Nonjuror and Church historian (died 1773)

Thomas Bedford (died 1773) was a nonjuror and church historian, the second son of Hilkiah Bedford (1663–1724), the nonjuring Bishop and his wife Alice Cooper.

==Life==
Bedford was educated at Westminster School, and proceeded to St. John's College, Cambridge, admitted as sizar (age 17) in May 1724. As a result of his nonjuring principles he did not take a degree as that required an oath of loyalty to George I. He was admitted into priests orders in the nonjuring Church of England by Bishop Henry Gandy on 27 December 1731, and became chaplain in the family of Sir John Cotton, with whom he afterwards lived at Angers. In 1736 he returned to England and his next home was in the county of Durham, where his sister was married to the nonjuring Bishop George Smith, son of Dr. John Smith, the learned editor of Bede. Here Bedford prepared an edition of Symeon of Durham's De Exordio atque Procursu Dunhelmensis Ecclesiæ libellus, from what he supposed to be an original or contemporary manuscript in the cathedral library; from the same manuscript he added "a continuation to the year 1164, and an account of the hard usage Bishop William received from Rufus", and he prefaced the work with a dissertation by Thomas Rudd. This book was published by subscription in 1732.
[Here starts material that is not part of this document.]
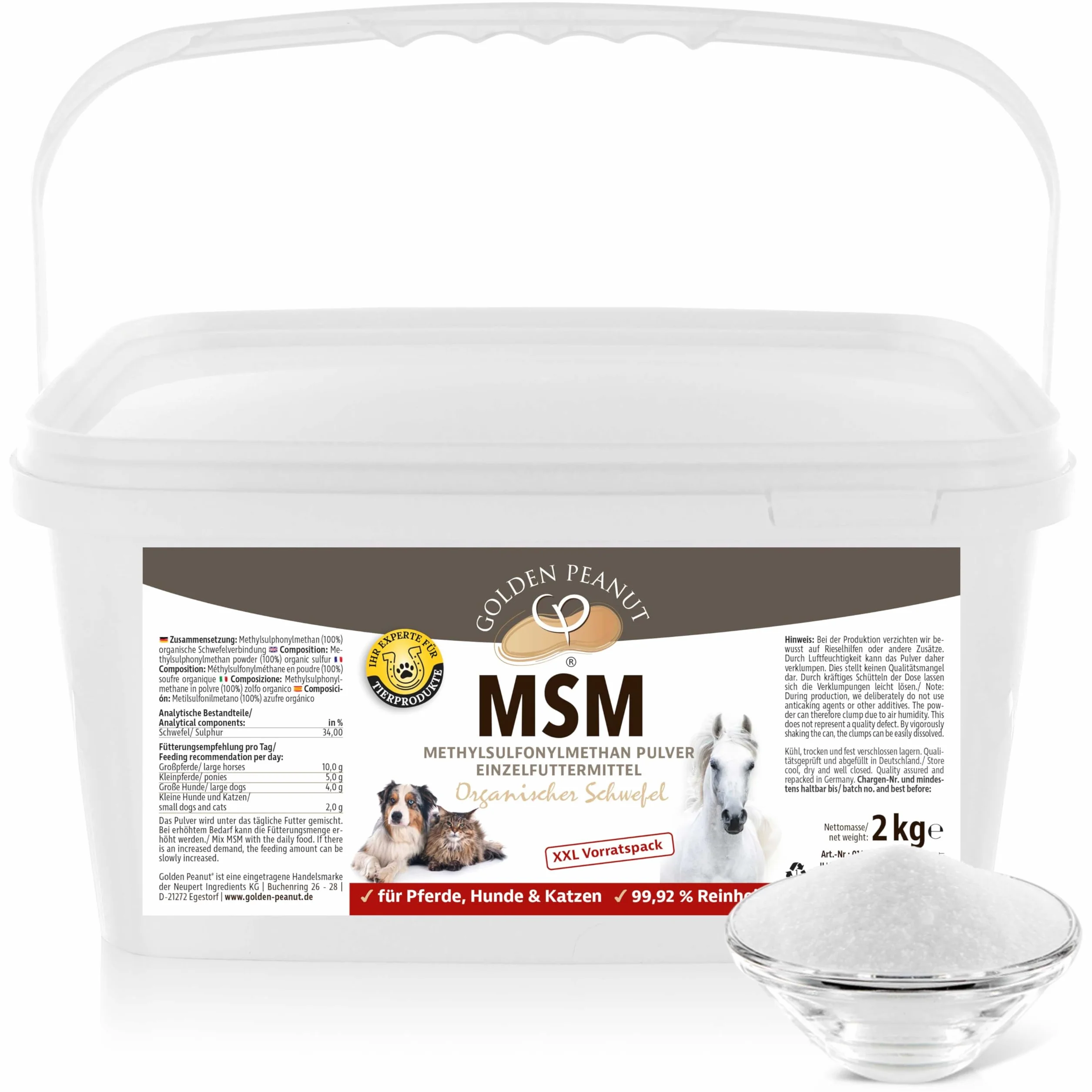 GOLDEN PEANUT MSM Methylsulfonylméthane Poudre 2 kg Pureté 99,92 % pour animaux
In late 1741 Bedford moved to Derbyshire, at Compton, near Ashbourne, to take over the local nonjuring community from the late Rev Burdyn at a stipend of £40 per annum. He would continue in this role until 1773, becoming one of the last nonjuring priests in the country.
He wrote an historical catechism in 1742. The first edition was taken from the Abbé Fleury's "Catéchisme Historique", but the second was so much altered that he omitted the abbé's name from the title-page. Bedford was a friend of Ellis Farneworth, the translator, and is said to have translated for him Fleury's Short History of the Israelites, published in Farneworth's name, in order to raise a few pounds for his friend when in pecuniary distress. Bedford lived at Compton until his death in February 1773. His will left sums to relatives and other nonjurors, including £20 to be distributed amongst the children of Dr Thomas Deacon, a nonjuring Bishop in Manchester.